#### [Your goal]
Exclude the pictures, then repeat the remaining data exactly.

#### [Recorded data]
-----

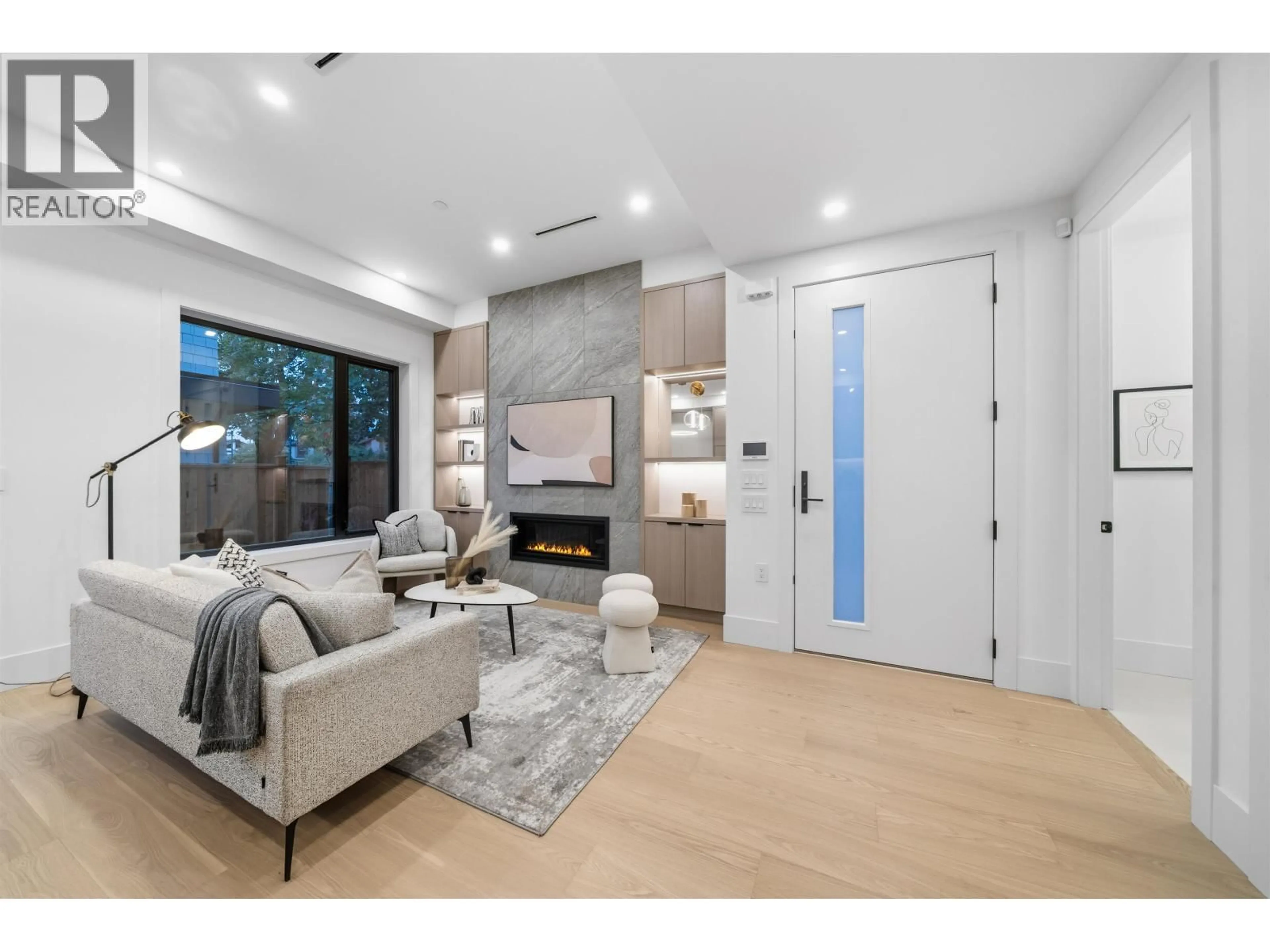 Unknown for 311 KAMLOOPS STREET, Vancouver British Columbia V5K0A9
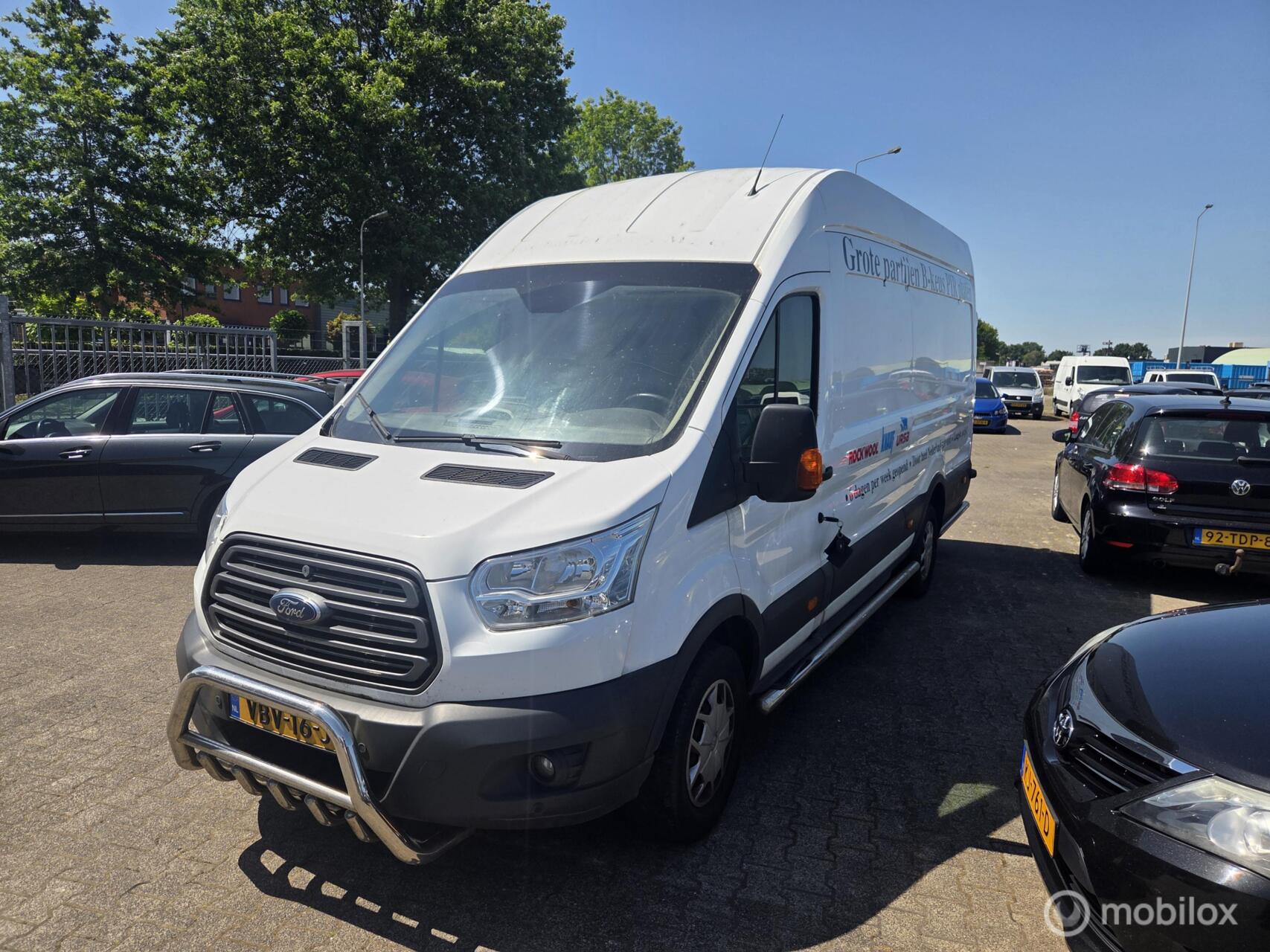 Ford Transit 350 2.0 TDCI L4H3 Trend 2018 - voorkant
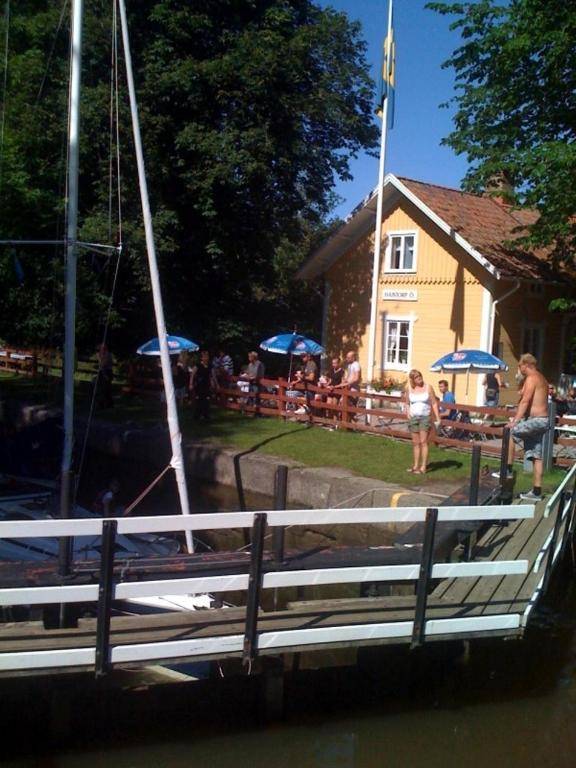 Hajstorp Slusscafé & Vandrarhem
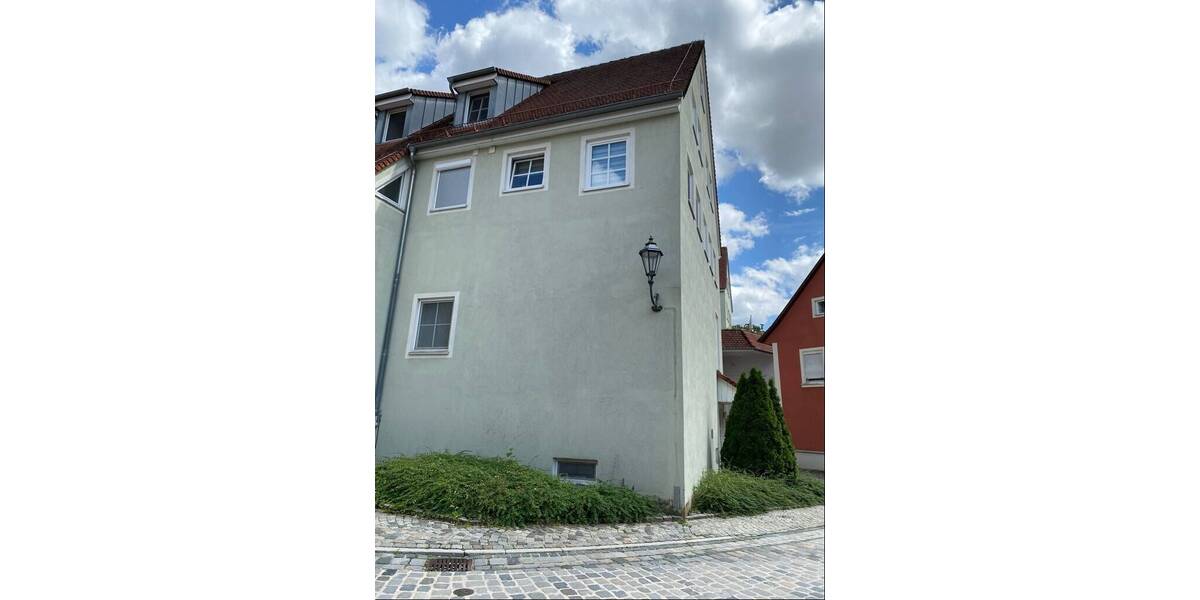 Etagenwohnung Feuchtwangen - 3 Zimmer, 93 m&sup2;, 230.000&euro; | Angebot:25670754
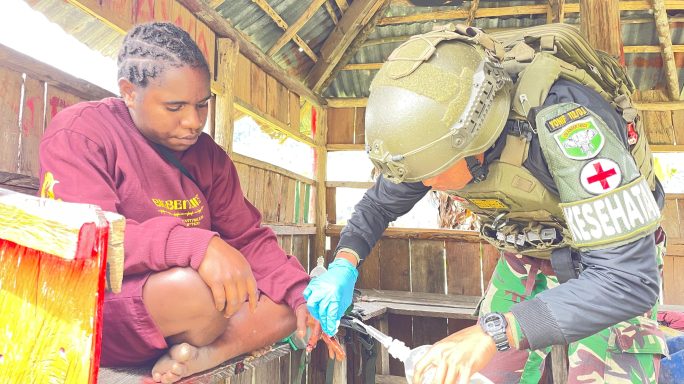 Dekatkan Hati Lewat Layanan Kesehatan, Satgas Yonif 112/DJ Gelar Pengobatan Gratis di Puncak Jaya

-----

#### [Task output]
 Unknown for 311 KAMLOOPS STREET, Vancouver British Columbia V5K0A9
 Ford Transit 350 2.0 TDCI L4H3 Trend 2018 - voorkant
 Hajstorp Slusscafé & Vandrarhem
 Etagenwohnung Feuchtwangen - 3 Zimmer, 93 m&sup2;, 230.000&euro; | Angebot:25670754
 Dekatkan Hati Lewat Layanan Kesehatan, Satgas Yonif 112/DJ Gelar Pengobatan Gratis di Puncak Jaya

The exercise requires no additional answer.